- Floodplain of Iori river
- Location: Georgia
- Nearest city: Sagarejo
- Coordinates: 41°38′32″N 45°27′11″E﻿ / ﻿41.64222°N 45.45306°E
- Area: 20.68 km^{2} (7.98 sq mi)
- Established: 1996
- Governing body: Agency of Protected Areas
- Website: Mariamjvari Strict Nature Reserve Administration

= Korugi Managed Reserve =

Protected nature area in Georgia

Korugi Managed Reserve (ყორუღის აღკვეთილი) also known as Korughi Managed Reserve is a protected area in the Sagarejo Municipality in the Kakheti region of Georgia on the Iori Plateau near the border with Azerbaijan.

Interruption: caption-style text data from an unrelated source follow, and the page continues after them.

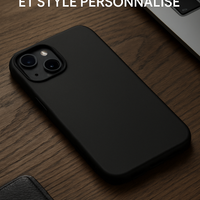 iPhone 16 avec coque RhinoShield SolidSuit Classic Noir posé sur un bureau en bois, offrant protection et style élégant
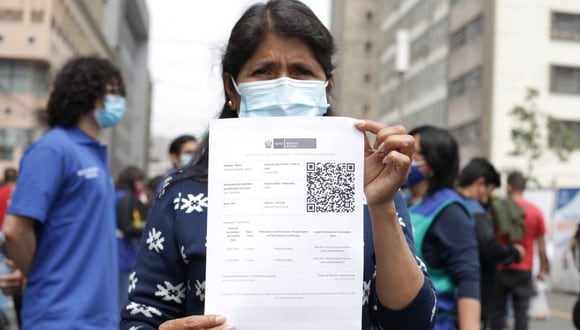 Pedirán carnet de vacunación desde el 10 de diciembre para ingresar a espacios cerrados. (Foto: Britanie Arroyo / @photo.gec)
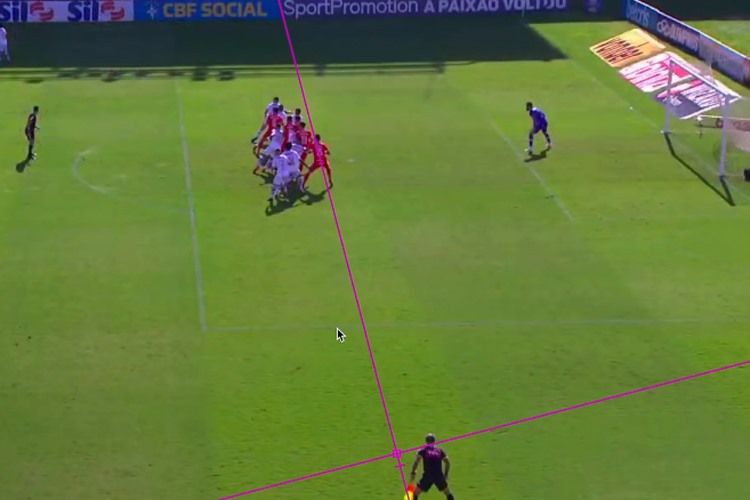 VAR xarab oldu, ofsayddan vurulan qol sayıldı - Braziliyada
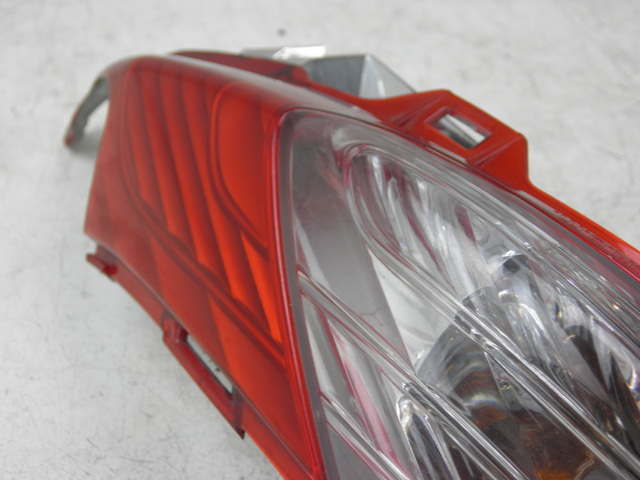 photo de RIGHT TAIL LIGHT HONDA FES S-WING SWING ABS 125 (2007 - 2015)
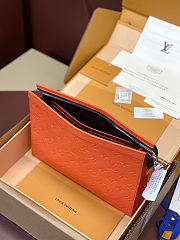 Fortok Louis Vuitton Pochette Voyage pouch Orange 27 x 21 x 6cm - 3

The reserve is part of Georgia's Protected Areas which also includes Mariamjvari Strict Nature Reserve and Iori Managed Reserve.

Korugi Managed Reserve includes parts of the Iori river valley. It borders the Iori Managed Reserve which covers the area downstream of the Iori river.

Korugi Managed Reserve was established to protect the floodplain forest of the Iori river.

== History and cultural attractions ==
Korughi nature reserve is mentioned in the Law Book (1709) of King Vakhtang VI as "the place for hunting", and cutting trees and visiting the place was prohibited. As with other mountainous regions the place was granted the status of "Holy Forest" and protected from disturbance by appointed guardsmen.

Archeological sites with Eneolithic-Early Bronze Age ruins, crypts of Middle Bronze Age and remains dating to the Late Bronze Age and Early Iron Age have been located near Korugi Managed Reserve. The Iori Plateau has several early monasteries, including David Gareja monastery complex.